HBase-5606 Report

1. Symptom

HMaster’s log splitting thread will hang in some corner cases.

1.1 Severity

Critical.

1.2 Was there exception thrown?

Yes. Many intermediate exceptions.

E1, RS down (which triggered a log split).

E2, Zookeeper connection loss:

19:32:24,657 WARN org.apache.hadoop.hbase.master.SplitLogManager$GetDataAsyncCallback: getdata rc = CONNECTIONLOSS /hbase/splitlog/hdfs%3A%2F%2F192.168.47.205%3A9000%2Fhbase%2F.logs%2Flinux-114.site%2C60020.1331752316170 retry=0
--- This will occur multiple times.

Finally, hang...

1.2.1 Were there multiple exceptions?

Yes. E1 & E2 repeats multiple times above.

1.3 Scope of the failure

The regions from the failed RS never got recovered...

2. How to reproduce this failure

2.0 Version

0.92.0

2.1 Configuration

Standard.

2.2 Reproduction procedure

1. Shutdown an RS.

2. Wait until the log split starts, shutdown ZK for a while;

3. Bring ZK back

2.2.1 Timing order

The timing of 2 & 3 is super important: 2 has to be btw. HMaster created the znode, but before the znode respond to the data query.
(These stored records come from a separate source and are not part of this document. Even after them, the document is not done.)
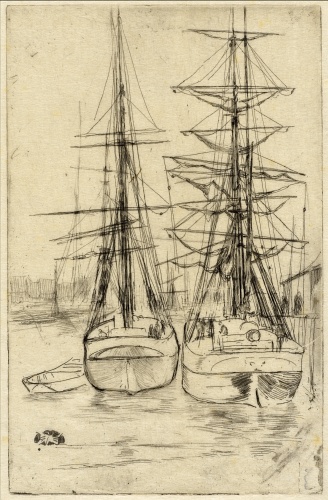 The Two Ships [143]
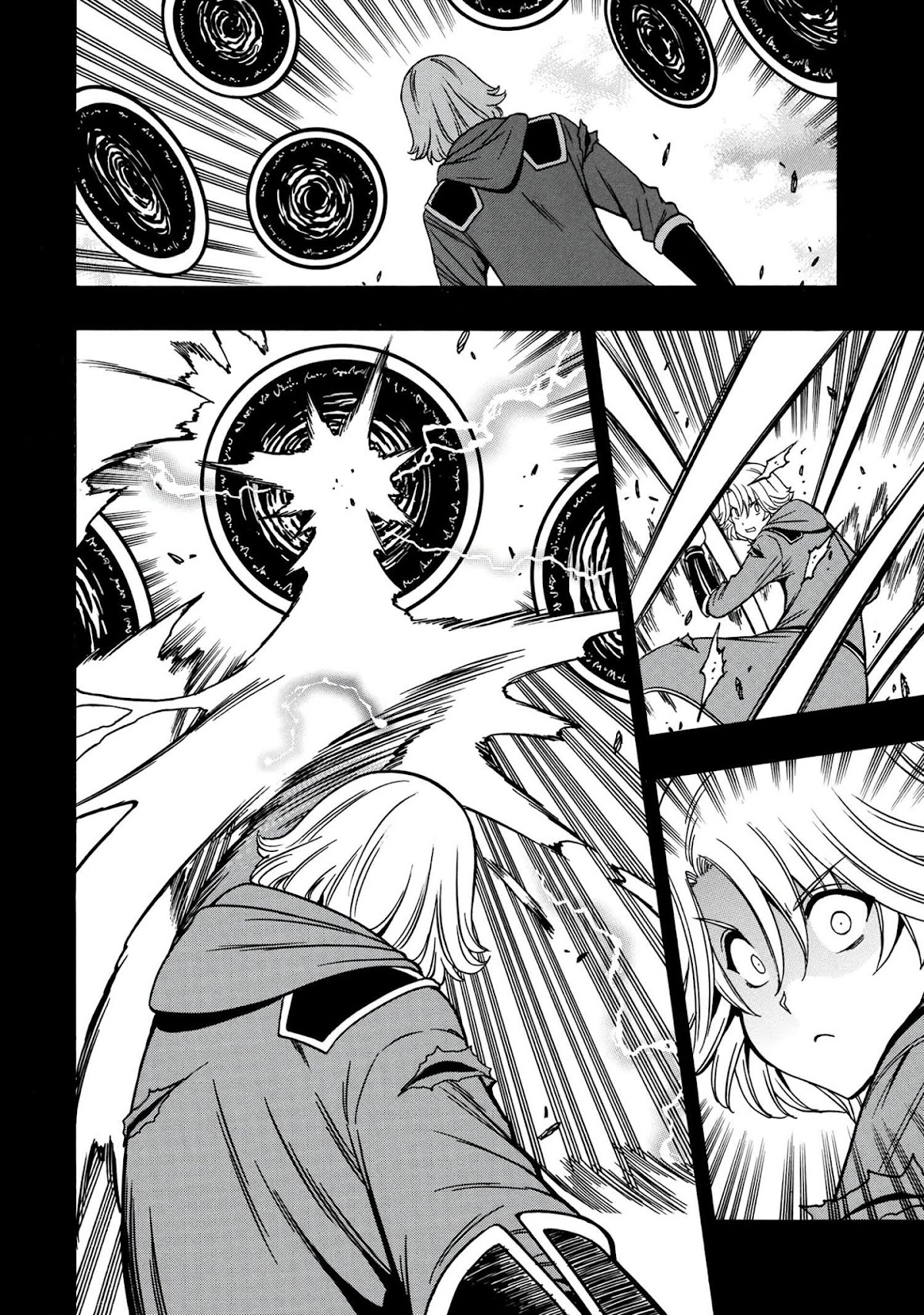 Kenja no Mago Chapter 47 page 31 - Chapter 47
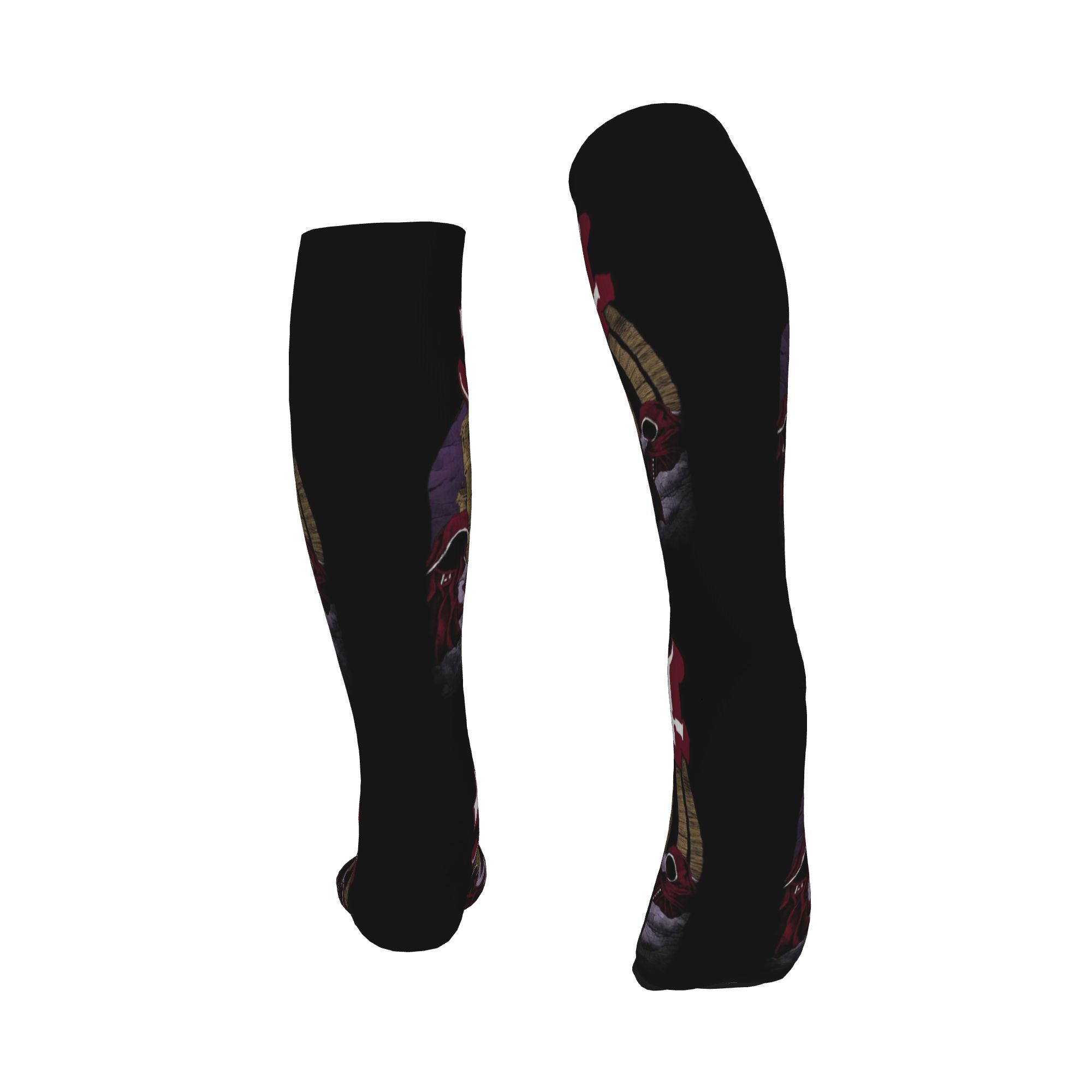 Chaussettes amusantes Impera M - 3D Printing Rock avis et prix
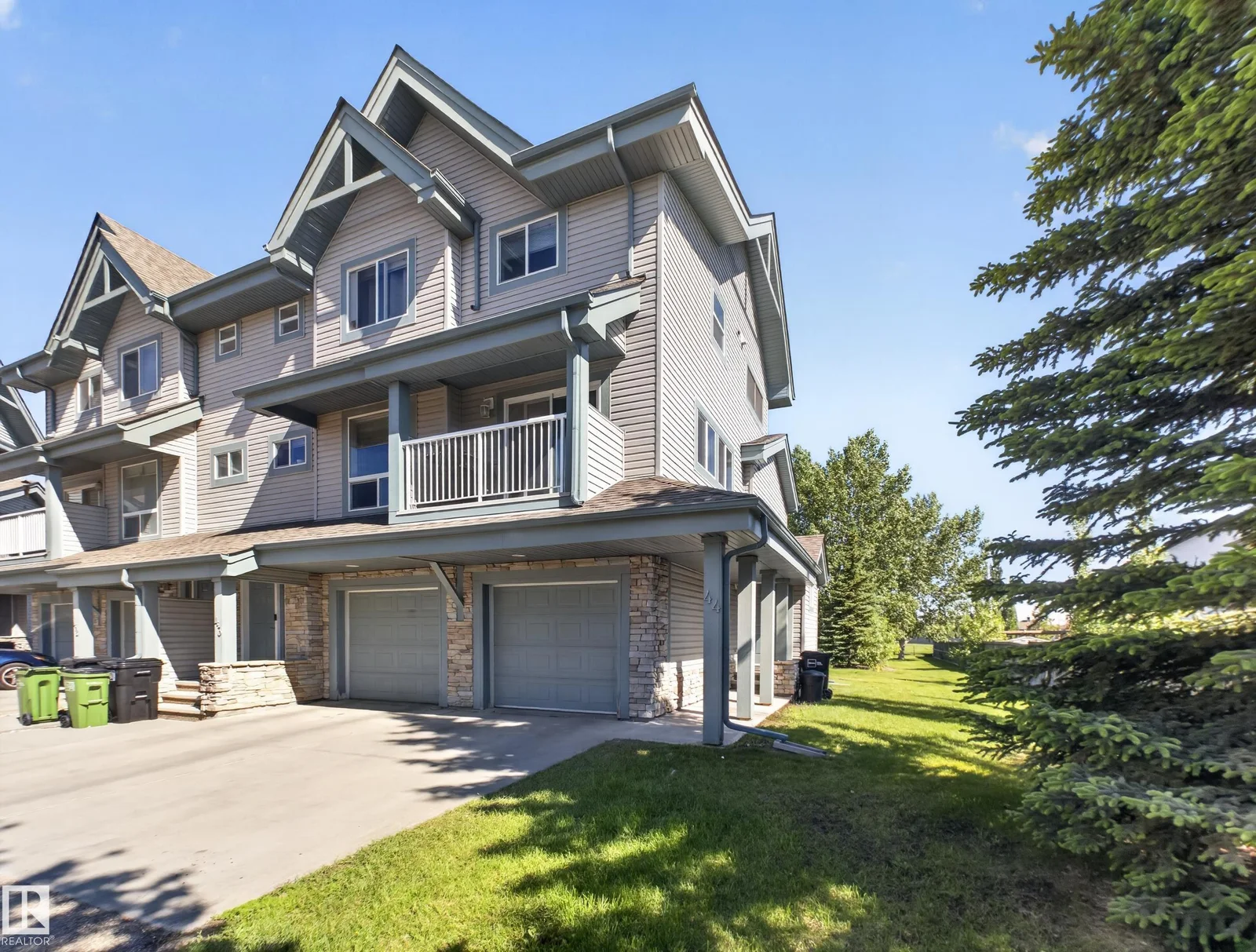 #44 12050 17 AV SW, Edmonton - 2 bedroom Townhouse for sale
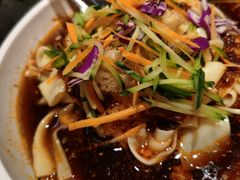 羊毛工镇凉皮-丝路金桃·新疆菜(徐汇店)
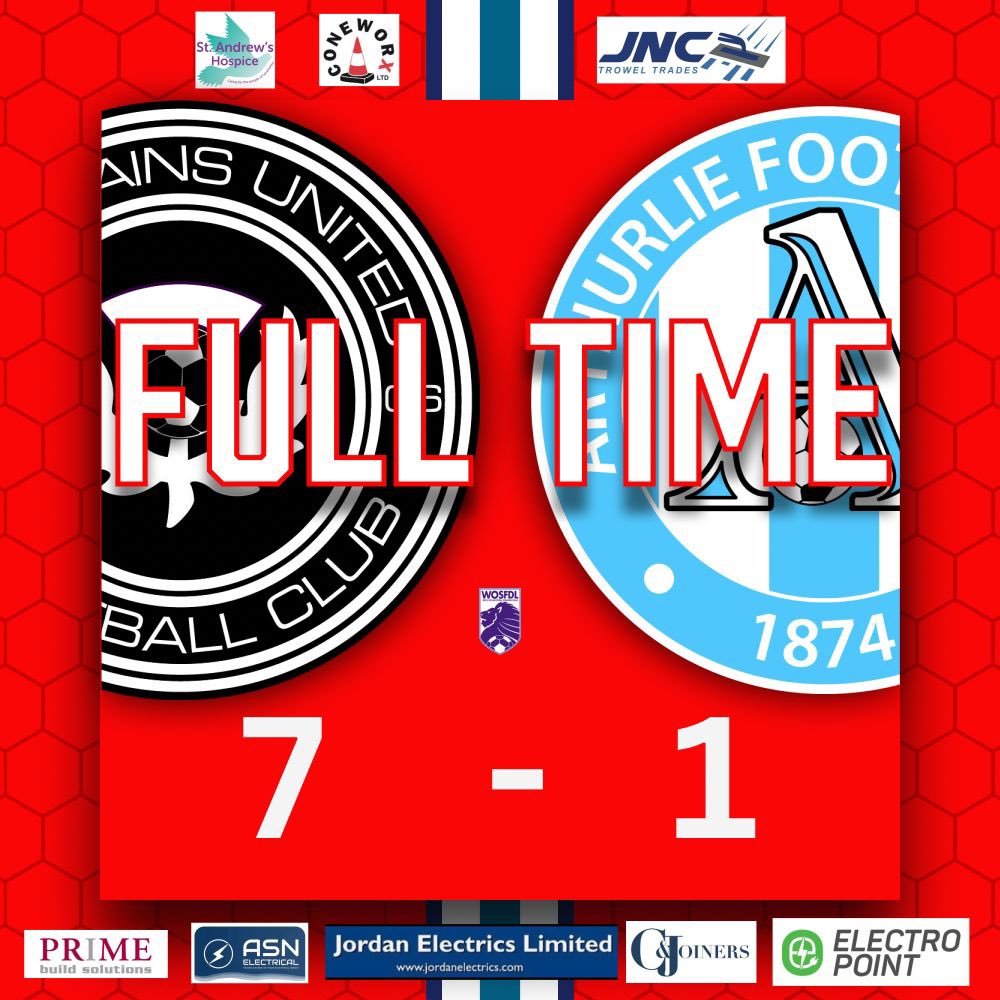 Good win tonight best wishes to Arthurlie for rest of season
Harris ⚽️⚽️⚽️
Ross ⚽️⚽️
Michael ⚽️
Dougie ⚽️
2.2.2 Events order externally controllable?

Yes.

2.3 Can the logs tell how to reproduce the failure?

Yes.

2.4 How many machines needed?

1. HMaster + RS + Zookeeper

3. Diagnosis procedure

3.1 Detailed Symptom (where you start)

When hang, users will use jstack:

"MASTER_META_SERVER_OPERATIONS-HOST-192-168-47-204,60000,1331719909985-1" prio=10 tid=0x0000000040d7c000 nid=0x624b in Object.wait() [0x00007ff090482000]
  java.lang.Thread.State: TIMED_WAITING (on object monitor)
        at java.lang.Object.wait(Native Method)
        at org.apache.hadoop.hbase.master.SplitLogManager.waitTasks(SplitLogManager.java:316)
        - locked <0x000000078e6c4258> (a org.apache.hadoop.hbase.master.SplitLogManager$TaskBatch)
        at org.apache.hadoop.hbase.master.SplitLogManager.splitLogDistributed(SplitLogManager.java:262)

3.2 Backward inference

See the graph above.

4. Root cause

See above.

4.1 Category:

Semantic

5. Fix

5.1 How?

set proper install/done/error values.